Es la única vez que he sido invitado de honor de la convención (algunas personas lo han sido dos veces e incluso tres), pero eso no me molesta. He sido invitado de honor en muchas convenciones menores y tengo muchas placas y diplomas que ocupan casi todas las paredes y llenan los armarios de mi casa.

Mis catorce doctorados honorarios, que se enmohecen en un baúl, también tienen sus inconvenientes ya que me consideran un graduado de la facultad y, por tanto, destinatario legítimo de las cartas de petición de fondos. Esto me recuerda al hombre que se quejaba de que su mujer estaba todo el día pidiéndole dinero.
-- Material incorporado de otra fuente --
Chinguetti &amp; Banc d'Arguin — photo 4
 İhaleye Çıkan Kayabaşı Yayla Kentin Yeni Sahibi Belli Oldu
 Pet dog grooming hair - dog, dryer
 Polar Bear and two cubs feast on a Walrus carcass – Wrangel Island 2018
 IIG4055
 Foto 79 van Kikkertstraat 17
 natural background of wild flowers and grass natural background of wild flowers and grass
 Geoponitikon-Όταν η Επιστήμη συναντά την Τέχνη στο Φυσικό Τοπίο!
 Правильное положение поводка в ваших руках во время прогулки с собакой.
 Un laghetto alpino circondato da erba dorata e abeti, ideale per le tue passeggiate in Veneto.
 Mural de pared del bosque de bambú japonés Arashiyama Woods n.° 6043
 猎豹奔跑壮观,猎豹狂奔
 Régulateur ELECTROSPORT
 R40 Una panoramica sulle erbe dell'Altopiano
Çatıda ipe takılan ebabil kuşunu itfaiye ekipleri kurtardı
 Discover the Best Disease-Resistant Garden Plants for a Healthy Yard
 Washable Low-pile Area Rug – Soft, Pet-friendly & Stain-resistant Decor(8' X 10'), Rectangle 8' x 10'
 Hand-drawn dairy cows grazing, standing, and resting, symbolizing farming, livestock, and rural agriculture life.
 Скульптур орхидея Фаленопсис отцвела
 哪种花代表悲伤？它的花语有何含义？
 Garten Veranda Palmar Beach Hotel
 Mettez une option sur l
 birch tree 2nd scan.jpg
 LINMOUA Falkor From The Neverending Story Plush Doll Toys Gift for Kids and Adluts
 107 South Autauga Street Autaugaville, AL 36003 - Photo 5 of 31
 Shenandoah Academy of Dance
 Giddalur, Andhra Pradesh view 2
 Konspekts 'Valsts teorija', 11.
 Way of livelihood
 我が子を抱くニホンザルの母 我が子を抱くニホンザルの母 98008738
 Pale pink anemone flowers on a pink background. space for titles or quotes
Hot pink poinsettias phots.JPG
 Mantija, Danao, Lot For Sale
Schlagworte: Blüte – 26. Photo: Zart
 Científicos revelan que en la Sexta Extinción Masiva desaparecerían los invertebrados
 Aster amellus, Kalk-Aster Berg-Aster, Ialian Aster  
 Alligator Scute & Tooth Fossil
Un amigo le preguntó:

—¿Qué hace con él?

—Nada –replicó el hombre—. No se lo doy.

Pero estoy divagando…

La Convención Mundial de Ciencia Ficción de Cleveland de 1955 hacía el número trece (para los supersticiosos). Fue casi la menos concurrida de todas. Sólo trescientas personas. Esto tenía sus ventajas. En los años anteriores, había estado en convenciones con miles de asistentes, lo que significa grandes hoteles, programas larguísimos, salones y salas de actividades atestados y multitud de desconocidos entre los cuales era imposible encontrar a amigos y compinches. Sencillamente, había demasiada confusión, caos y anarquía.

Cuando me piden que firme libros en una de estas enormes convenciones, la fila se extiende como una anaconda. Es muy halagador, pero uno se cansa de firmar libros después de hacerlo durante hora y media sin interrupción. Como soy un escritor prolífico, no es del todo inaudito que un lector ansioso aparezca con una maleta con dos docenas de libros para que los firme. E incluso cuando no es la hora oficial de firmar, los aficionados te paran en los salones para que lo hagas en programas y trozos de papel.

En parte es por mi culpa. A Arthur Clarke, por ejemplo, se le conoce porque sólo firma libros encuadernados en tapa dura. Pero no soy capaz de negárselo a quien está de pie frente a mí mirándome con cara “que parece” de devoción.

La asistencia de trescientas personas fue perfecta. No había confusión. Los escritores se encontraban fácilmente. La firma de libros era limitada. Durante años, la convención de 1955 fue recordada como la más acogedora de todas.